* limiting rename detection during merge is a really bad idea
@ 2008-02-11 6:19 Steffen Prohaska
2008-02-11 7:42 ` Marco Costalba
2008-02-11 7:48 ` Jeff King
0 siblings, 2 replies; 11+ messages in thread
From: Steffen Prohaska @ 2008-02-11 6:19 UTC (permalink / raw)
To: Git Mailing List
I almost lost faith in git's merging capabilities because merge-
recursive limits rename detection to the default limit if not
configured otherwise. I tried to do a large merge and was pretty
convinced that git would handle the merge easily. But it
unexpectedly failed to detect the renames. The reason is that
merge-recursive uses the diff_rename_limit_default, which is 100,
and this was too low in my case.
After debugging all the merge and diff machinery I found out that
I just need to set diff.renamelimit=0 and everything works smoothly.
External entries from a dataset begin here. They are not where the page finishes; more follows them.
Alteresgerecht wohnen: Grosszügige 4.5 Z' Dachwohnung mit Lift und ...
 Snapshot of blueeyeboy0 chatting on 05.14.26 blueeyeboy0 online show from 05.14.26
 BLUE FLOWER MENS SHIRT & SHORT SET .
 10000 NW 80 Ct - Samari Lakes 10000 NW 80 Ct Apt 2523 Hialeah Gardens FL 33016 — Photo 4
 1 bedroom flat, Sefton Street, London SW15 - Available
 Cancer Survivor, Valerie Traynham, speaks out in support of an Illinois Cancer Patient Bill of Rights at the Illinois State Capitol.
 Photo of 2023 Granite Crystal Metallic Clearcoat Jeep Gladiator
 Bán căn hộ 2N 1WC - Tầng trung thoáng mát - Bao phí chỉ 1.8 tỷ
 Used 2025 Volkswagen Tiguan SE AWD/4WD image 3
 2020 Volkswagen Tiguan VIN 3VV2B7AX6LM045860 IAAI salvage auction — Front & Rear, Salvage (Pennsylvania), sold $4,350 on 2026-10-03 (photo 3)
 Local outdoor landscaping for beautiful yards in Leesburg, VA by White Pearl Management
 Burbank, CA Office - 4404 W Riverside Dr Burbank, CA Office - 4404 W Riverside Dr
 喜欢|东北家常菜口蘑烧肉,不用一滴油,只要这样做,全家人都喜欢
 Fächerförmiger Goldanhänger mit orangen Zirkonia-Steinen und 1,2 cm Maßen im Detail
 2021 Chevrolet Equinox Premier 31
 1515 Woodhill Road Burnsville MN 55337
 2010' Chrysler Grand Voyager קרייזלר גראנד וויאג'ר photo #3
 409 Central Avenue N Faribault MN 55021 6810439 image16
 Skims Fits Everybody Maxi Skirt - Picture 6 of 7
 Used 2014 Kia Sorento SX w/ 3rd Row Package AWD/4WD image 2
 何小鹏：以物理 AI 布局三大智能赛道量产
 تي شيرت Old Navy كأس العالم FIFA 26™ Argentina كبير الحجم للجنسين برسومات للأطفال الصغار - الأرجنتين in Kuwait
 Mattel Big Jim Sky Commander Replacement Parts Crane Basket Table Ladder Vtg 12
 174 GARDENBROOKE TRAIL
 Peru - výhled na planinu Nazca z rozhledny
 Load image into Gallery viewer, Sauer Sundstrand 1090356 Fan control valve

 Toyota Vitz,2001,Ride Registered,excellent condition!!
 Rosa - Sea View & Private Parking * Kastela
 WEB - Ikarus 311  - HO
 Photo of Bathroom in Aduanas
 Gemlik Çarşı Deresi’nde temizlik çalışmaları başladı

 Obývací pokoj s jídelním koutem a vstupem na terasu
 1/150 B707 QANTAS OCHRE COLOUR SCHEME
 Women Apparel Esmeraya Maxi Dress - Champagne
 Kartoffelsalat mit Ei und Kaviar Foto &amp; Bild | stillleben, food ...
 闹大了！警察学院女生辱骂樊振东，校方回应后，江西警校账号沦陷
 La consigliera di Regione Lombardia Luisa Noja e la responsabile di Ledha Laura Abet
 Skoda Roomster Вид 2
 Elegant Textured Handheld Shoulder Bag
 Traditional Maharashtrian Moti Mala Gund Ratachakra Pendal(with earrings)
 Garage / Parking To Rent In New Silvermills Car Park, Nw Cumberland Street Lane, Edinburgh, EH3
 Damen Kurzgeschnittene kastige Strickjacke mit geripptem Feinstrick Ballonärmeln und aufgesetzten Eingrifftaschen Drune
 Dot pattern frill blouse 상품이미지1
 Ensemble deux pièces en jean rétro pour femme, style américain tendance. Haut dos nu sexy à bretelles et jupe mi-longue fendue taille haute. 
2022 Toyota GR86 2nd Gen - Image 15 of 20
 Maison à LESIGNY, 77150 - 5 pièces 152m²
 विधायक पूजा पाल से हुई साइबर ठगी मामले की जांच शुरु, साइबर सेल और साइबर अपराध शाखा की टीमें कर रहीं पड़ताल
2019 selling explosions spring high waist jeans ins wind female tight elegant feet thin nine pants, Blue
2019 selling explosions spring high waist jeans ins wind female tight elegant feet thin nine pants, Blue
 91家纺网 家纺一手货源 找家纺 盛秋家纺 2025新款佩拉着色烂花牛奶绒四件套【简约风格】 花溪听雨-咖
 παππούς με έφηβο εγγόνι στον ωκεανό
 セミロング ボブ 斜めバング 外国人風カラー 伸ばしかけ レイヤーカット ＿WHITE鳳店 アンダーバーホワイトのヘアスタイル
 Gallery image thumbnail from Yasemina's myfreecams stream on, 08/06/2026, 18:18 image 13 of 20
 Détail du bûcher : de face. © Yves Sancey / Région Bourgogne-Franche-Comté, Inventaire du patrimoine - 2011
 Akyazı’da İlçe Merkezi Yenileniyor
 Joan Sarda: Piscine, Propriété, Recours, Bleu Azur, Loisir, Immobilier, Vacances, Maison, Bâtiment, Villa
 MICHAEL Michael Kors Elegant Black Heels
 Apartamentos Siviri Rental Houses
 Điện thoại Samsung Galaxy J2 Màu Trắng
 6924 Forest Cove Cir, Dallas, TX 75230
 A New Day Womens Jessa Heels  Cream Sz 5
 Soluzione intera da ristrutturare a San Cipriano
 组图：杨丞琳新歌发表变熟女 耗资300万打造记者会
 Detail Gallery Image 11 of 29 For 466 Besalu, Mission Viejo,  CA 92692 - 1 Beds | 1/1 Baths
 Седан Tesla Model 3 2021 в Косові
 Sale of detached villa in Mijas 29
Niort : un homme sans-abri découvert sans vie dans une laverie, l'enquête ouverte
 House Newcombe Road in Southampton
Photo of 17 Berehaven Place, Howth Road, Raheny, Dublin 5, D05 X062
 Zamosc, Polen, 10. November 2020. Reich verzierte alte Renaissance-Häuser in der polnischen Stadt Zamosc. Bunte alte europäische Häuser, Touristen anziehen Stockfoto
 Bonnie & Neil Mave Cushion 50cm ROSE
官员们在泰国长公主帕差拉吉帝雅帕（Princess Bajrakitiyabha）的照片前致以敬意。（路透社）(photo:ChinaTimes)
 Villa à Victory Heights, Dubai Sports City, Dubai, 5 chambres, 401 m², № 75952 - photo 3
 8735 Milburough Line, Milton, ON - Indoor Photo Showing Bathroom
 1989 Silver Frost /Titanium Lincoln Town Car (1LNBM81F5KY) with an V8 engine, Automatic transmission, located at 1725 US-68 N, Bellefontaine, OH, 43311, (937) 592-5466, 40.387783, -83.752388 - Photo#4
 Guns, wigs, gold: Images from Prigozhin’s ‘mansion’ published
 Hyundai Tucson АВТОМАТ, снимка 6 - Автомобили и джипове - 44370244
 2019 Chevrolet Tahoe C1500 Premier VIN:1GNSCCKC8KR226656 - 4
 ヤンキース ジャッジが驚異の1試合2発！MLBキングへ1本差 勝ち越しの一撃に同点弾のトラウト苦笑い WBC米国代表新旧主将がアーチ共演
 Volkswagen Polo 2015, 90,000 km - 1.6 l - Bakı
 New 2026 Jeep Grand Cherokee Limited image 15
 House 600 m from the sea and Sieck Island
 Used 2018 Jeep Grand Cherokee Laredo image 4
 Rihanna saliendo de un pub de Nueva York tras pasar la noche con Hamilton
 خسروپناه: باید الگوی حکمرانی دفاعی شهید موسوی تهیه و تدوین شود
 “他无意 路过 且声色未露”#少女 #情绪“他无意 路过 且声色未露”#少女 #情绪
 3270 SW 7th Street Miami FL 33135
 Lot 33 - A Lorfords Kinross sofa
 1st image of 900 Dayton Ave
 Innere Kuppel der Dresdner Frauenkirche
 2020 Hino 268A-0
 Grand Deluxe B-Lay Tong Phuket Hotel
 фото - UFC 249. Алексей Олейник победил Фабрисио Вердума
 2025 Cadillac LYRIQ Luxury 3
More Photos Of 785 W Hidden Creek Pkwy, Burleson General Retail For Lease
Well, it was an interesting debugging experience and I learnt a
lot about the diffcore. Nonetheless this was one of the worst
experiences I had with git and it kept me from doing more important
work.
I think that limiting rename detection during merge is a really
bad idea. Either we should set it to unlimited, or at least we
should print a BIG WARNING that rename detection is limited
during the merge. I'd propose to override diff.renamelimit
to unlimited for a merge, even if diff.renamelimit is explicitly
configured by the user. It doesn't make sense not to detect
renames during a merge.
Opinions?
Steffen
^ permalink raw reply [flat|nested] 11+ messages in thread
* Re: limiting rename detection during merge is a really bad idea
2008-02-11 6:19 limiting rename detection during merge is a really bad idea Steffen Prohaska
@ 2008-02-11 7:42 ` Marco Costalba
2008-02-11 7:48 ` Jeff King
1 sibling, 0 replies; 11+ messages in thread
From: Marco Costalba @ 2008-02-11 7:42 UTC (permalink / raw)
To: Steffen Prohaska; +Cc: Git Mailing List
On Feb 11, 2008 7:19 AM, Steffen Prohaska <prohaska@zib.de> wrote:
>
>
> It doesn't make sense not to detect
> renames during a merge.
>
> Opinions?
>
I agree 100%, merge is a very important and sensible task and git
should push as much as possible to avoid fails.
A failed merge is always an hassle for the developer also in simple
cases and when a successful merge is possible git should really try to
achieve that also if it takes a little time more.
So I second overriding diff.renamelimit in this case.
Marco
^ permalink raw reply [flat|nested] 11+ messages in thread
* Re: limiting rename detection during merge is a really bad idea
2008-02-11 6:19 limiting rename detection during merge is a really bad idea Steffen Prohaska
2008-02-11 7:42 ` Marco Costalba
@ 2008-02-11 7:48 ` Jeff King
2008-02-11 7:55 ` Marco Costalba
2008-02-11 10:41 ` Lars Hjemli
1 sibling, 2 replies; 11+ messages in thread
From: Jeff King @ 2008-02-11 7:48 UTC (permalink / raw)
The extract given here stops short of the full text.